■ EXERCISE REQUIREMENTS: The lines to repeat are those below from the one containing "Чехол для iPhone" down to the one containing "shark wearing sunglasses", both included; reproduce them exactly and nothing else.

■ Collected data entries:
· · · · · · ·
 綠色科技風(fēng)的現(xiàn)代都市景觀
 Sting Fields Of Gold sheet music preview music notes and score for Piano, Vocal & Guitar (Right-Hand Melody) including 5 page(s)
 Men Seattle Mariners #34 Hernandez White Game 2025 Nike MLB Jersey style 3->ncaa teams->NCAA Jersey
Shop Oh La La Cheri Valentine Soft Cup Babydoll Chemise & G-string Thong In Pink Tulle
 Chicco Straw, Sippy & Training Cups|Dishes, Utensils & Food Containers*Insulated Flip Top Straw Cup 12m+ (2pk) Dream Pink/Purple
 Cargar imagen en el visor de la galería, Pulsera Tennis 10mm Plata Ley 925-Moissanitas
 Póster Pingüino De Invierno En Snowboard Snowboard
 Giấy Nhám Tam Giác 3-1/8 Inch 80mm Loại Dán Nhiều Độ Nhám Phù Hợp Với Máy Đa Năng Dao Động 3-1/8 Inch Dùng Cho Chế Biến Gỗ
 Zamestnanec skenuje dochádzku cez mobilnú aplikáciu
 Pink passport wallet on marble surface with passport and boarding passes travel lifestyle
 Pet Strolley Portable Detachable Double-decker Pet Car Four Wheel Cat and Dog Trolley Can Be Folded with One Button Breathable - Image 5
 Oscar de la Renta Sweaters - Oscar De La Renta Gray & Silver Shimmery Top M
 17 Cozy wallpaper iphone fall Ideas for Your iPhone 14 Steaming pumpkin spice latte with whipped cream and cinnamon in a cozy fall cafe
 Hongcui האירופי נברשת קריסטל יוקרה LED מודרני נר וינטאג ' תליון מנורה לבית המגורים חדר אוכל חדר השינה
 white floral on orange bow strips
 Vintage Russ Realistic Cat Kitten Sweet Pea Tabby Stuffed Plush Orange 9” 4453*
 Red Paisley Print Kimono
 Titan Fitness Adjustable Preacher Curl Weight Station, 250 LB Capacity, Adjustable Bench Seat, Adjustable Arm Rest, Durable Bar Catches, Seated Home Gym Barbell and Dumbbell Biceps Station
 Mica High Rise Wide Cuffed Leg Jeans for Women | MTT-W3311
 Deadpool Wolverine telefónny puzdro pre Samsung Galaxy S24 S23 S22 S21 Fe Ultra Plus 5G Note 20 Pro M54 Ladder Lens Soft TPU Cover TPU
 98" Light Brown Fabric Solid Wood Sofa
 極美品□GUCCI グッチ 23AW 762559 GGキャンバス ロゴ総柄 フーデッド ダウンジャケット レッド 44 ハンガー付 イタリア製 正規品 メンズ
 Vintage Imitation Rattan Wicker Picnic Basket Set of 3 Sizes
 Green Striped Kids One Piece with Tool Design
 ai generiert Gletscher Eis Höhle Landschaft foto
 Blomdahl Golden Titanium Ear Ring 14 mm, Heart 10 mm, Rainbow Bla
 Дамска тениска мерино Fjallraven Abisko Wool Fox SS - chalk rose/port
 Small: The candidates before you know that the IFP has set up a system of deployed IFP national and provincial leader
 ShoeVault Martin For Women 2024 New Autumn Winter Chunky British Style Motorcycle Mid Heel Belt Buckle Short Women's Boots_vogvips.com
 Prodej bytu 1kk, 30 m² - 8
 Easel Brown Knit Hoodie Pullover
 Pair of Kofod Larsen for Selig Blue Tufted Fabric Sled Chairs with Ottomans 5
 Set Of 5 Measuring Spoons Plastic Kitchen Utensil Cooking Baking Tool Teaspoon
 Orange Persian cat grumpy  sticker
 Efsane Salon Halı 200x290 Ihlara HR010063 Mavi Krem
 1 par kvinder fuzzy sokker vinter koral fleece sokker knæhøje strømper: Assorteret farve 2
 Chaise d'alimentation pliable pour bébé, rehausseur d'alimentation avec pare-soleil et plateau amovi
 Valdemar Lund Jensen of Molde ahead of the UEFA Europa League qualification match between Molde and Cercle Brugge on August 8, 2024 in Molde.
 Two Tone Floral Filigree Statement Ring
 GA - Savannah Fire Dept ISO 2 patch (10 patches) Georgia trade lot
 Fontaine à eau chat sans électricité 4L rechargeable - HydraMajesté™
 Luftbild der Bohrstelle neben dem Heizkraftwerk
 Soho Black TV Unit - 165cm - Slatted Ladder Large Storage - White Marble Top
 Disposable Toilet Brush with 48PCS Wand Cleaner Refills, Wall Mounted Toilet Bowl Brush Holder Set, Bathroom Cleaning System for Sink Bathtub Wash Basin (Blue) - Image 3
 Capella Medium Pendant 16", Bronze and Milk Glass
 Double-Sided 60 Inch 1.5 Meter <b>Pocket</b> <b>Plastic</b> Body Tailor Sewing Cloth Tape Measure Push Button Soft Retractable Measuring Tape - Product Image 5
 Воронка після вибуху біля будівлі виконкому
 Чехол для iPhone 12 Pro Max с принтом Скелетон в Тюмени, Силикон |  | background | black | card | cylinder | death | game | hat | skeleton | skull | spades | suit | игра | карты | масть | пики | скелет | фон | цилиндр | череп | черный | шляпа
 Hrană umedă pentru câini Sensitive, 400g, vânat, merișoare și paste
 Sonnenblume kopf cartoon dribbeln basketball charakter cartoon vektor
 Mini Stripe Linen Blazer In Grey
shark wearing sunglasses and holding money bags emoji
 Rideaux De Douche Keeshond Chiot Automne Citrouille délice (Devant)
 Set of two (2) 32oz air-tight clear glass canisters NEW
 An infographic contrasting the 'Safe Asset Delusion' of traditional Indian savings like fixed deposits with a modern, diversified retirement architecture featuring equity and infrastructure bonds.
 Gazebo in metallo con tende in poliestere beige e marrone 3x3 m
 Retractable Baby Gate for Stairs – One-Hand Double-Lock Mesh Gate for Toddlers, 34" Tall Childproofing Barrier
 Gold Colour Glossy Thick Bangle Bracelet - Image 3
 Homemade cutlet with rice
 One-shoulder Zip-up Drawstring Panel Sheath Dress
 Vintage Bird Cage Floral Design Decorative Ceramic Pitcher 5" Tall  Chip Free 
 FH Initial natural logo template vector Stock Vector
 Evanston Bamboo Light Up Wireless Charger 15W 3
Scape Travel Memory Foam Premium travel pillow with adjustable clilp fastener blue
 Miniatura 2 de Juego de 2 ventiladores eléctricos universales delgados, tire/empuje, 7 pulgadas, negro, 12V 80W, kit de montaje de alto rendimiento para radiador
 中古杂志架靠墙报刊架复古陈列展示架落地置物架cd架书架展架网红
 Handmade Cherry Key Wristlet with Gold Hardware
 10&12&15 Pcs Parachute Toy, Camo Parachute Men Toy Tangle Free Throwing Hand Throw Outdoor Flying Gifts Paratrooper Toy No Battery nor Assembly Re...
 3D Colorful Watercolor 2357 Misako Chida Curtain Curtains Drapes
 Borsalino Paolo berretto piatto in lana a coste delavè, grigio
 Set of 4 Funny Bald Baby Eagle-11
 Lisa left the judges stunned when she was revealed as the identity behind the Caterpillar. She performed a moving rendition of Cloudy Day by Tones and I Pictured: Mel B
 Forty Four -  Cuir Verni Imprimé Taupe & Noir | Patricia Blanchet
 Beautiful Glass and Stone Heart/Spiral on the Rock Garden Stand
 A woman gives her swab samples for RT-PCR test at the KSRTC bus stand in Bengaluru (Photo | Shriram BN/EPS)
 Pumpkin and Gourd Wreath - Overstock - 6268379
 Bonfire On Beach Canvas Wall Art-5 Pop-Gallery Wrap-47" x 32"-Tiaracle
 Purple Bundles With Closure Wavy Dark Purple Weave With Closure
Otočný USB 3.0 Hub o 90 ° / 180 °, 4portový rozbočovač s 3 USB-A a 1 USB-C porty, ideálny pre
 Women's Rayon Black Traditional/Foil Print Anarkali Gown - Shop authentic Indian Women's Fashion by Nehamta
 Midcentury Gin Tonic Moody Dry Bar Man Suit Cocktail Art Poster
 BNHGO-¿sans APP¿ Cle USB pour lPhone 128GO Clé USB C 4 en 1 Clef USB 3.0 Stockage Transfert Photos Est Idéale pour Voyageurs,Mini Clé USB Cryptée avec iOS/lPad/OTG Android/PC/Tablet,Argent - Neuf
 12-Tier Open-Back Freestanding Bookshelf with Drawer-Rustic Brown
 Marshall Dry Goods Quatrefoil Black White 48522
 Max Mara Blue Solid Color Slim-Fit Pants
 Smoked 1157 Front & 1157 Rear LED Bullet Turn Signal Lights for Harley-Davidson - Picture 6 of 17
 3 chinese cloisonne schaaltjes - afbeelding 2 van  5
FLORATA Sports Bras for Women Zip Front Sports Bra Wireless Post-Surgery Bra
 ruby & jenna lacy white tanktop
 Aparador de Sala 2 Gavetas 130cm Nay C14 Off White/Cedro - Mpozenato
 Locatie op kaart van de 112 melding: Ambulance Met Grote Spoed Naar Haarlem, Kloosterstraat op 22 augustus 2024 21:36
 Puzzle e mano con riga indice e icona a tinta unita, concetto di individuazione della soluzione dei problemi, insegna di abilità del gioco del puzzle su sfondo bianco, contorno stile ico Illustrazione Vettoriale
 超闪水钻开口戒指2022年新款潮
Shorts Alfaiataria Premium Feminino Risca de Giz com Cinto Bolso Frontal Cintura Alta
· · · · · · ·
■ WRITTEN RESPONSE:
 Чехол для iPhone 12 Pro Max с принтом Скелетон в Тюмени, Силикон |  | background | black | card | cylinder | death | game | hat | skeleton | skull | spades | suit | игра | карты | масть | пики | скелет | фон | цилиндр | череп | черный | шляпа
 Hrană umedă pentru câini Sensitive, 400g, vânat, merișoare și paste
 Sonnenblume kopf cartoon dribbeln basketball charakter cartoon vektor
 Mini Stripe Linen Blazer In Grey
shark wearing sunglasses and holding money bags emoji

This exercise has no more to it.